This article has been updated to reflect ongoing evolutions in Google's Privacy Sandbox initiative. Topics, a new proposal for interest-based advertising, has replaced the FLoC proposal.
Advertising has played a major role in making the internet open and accessible to all. But in order for ads to continue to earn that role, ad technology must evolve for a privacy-first world. Ads should work for everyone — publishers, advertisers, and most importantly, consumers. That's why Google has gone further on our commitment to advance user privacy, announcing that once third-party cookies are phased out, we will not build alternate identifiers to track individuals as they browse across the web, nor use them in our products.
“We’ve always believed that a privacy-first approach to advertising is critical to the success and sustainability of the industry.”
-Luis Di Como, Executive Vice President of Global Media at Unilever
“People shouldn’t have to accept being tracked across the web in order to get the benefits of relevant advertising. And advertisers don't need to track individual consumers across the web to get the performance benefits of digital advertising,” wrote David Temkin, Director of Product Management at Google, in the announcement.
Advances in aggregation, anonymisation, on-device processing, and other privacy-preserving technologies show a clear path away from individual identifiers.
For example, instead of ascribing interests to unique users, we now have the ability to hide individuals in large crowds of people with common interests, while still showing them relevant and useful ads.
“We’ve always believed that a privacy-first approach to advertising is critical to the success and sustainability of the industry,” said Luis Di Como, Executive Vice President of Global Media at Unilever. “This latest commitment by Google is a step in the right direction to help future-proof the free and open web.”
We have long since recognised and advocated for the importance of first-party data, and it’ll become even more vital in a privacy-first world.
-Aude Gandon, Global Chief Marketing Officer at Nestlé
Developing strong relationships with customers has always been critical to building a successful business, and this becomes even more important when it comes to preserving their trust. “We welcome this announcement from Google. We have long since recognised and advocated for the importance of first-party data, and it’ll become even more vital in a privacy-first world,” said Aude Gandon, Global Chief Marketing Officer at Nestlé.
Google will continue to support first-party relationships on our ad platforms for partners, allowing them to connect directly with their own customers. And we’ll deepen our support for solutions that build on these direct relationships.
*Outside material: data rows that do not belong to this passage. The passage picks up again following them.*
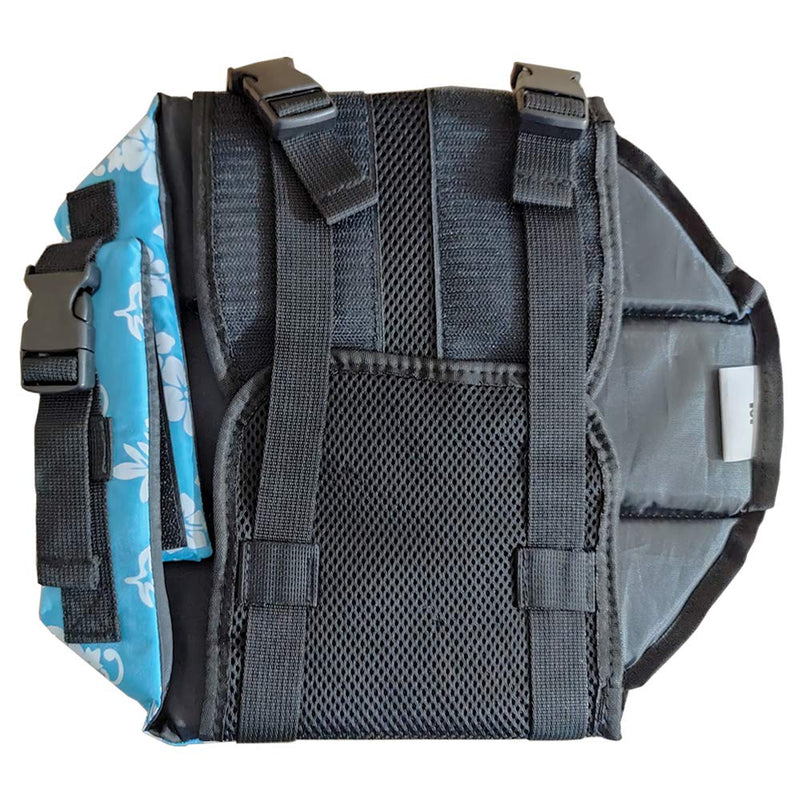 Dog Life Jacket Easy-Fit Adjustable Belt Pet Saver Swimming Safety Swimsuit Preserver with Reflective Stripes for Doggie (L, Flowers and Blue) L - PawsPlanet Australia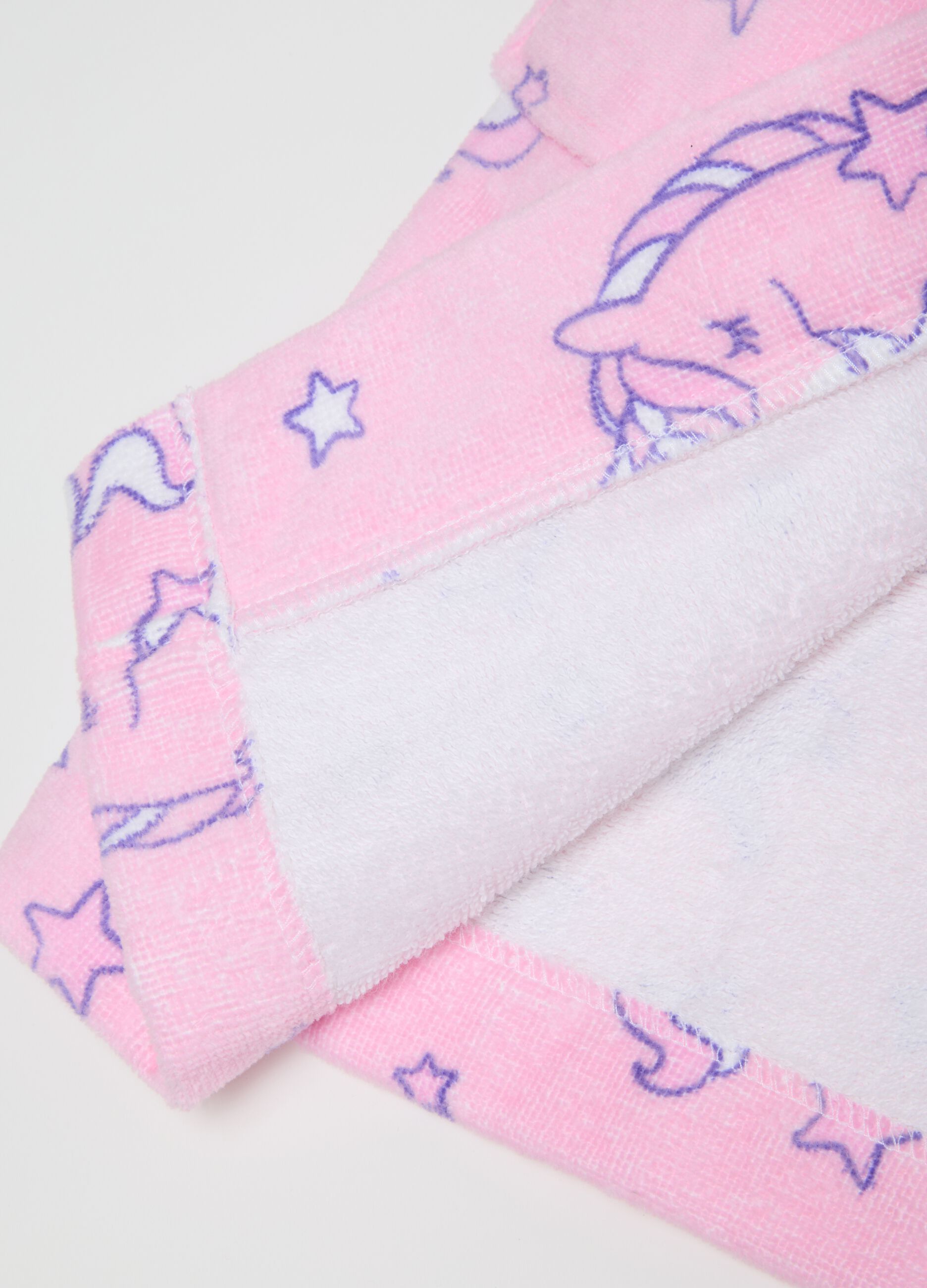 Accappatoio da bambina in puro cotone rosa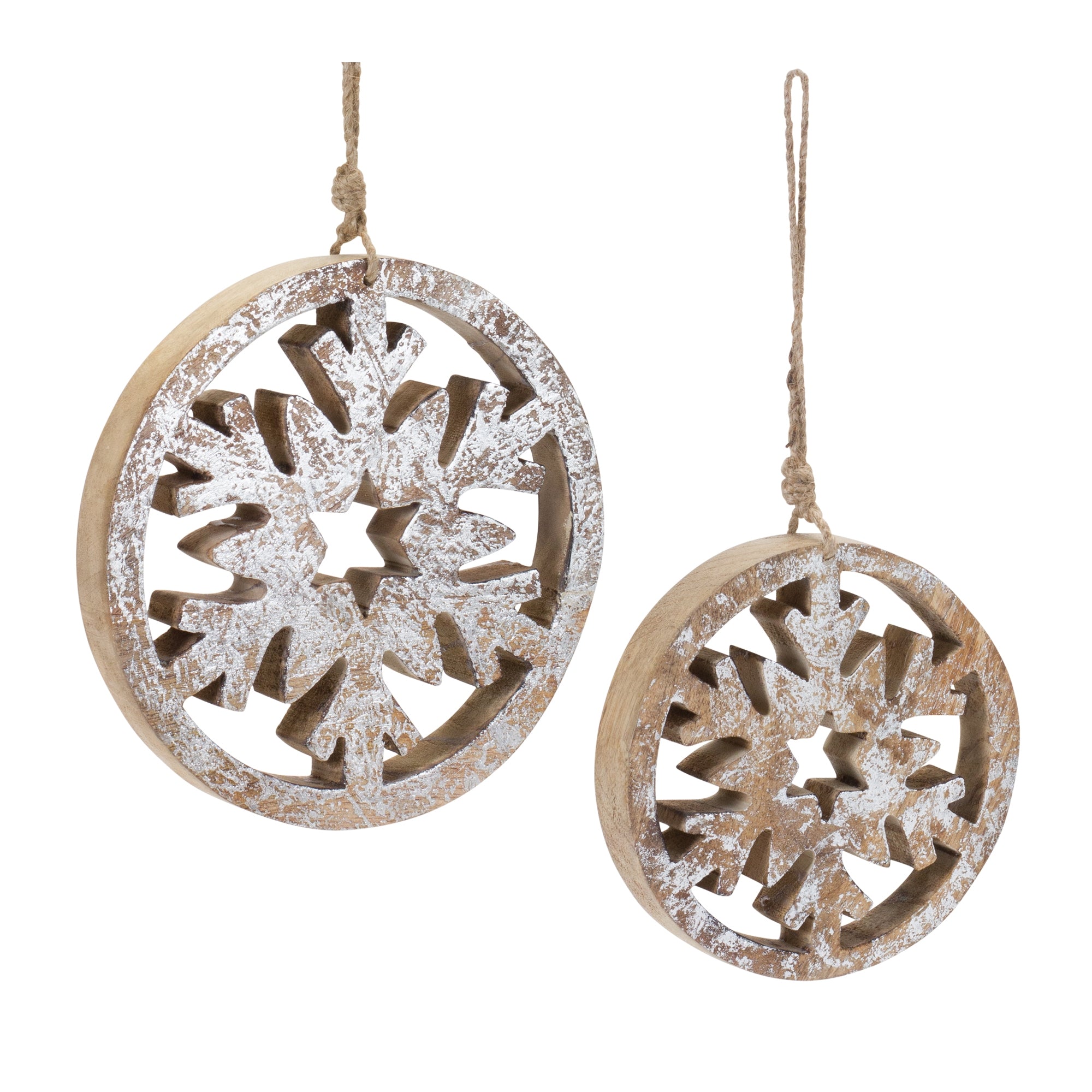 Snowflake Ornament (Set of 12) 6H, 8H Wood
We see this as a necessary and total restart of digital advertising which will offer a more meaningful and engaging experience with a brand throughout the customer journey.
-John Lee, President of Merkury and Chief Product and Data Officer at Merkle
“Both marketers and consumers want better targeted ads and greater privacy protection,” said John Lee, President of Merkury and Chief Product and Data Officer at Merkle. “As the industry pivots toward first-party data, we see this as a necessary and total restart of digital advertising which will offer a more meaningful and engaging experience with a brand throughout the customer journey.”
Once third-party cookies are phased out, other ad tech providers may offer a level of user identity for ad tracking across the web that Google will not, such as PII graphs based on people’s email addresses. We don’t believe these solutions will meet rising consumer expectations for data privacy or meet fast-evolving regulatory restrictions, which is why we don’t believe they are sustainable, long-term investments. Instead, our web products will be powered by privacy-preserving APIs, which prevent tracking of individuals across the web while still delivering results for advertisers and publishers. Today’s announcement is about ensuring we do not recreate the challenges of the past as we build for the future.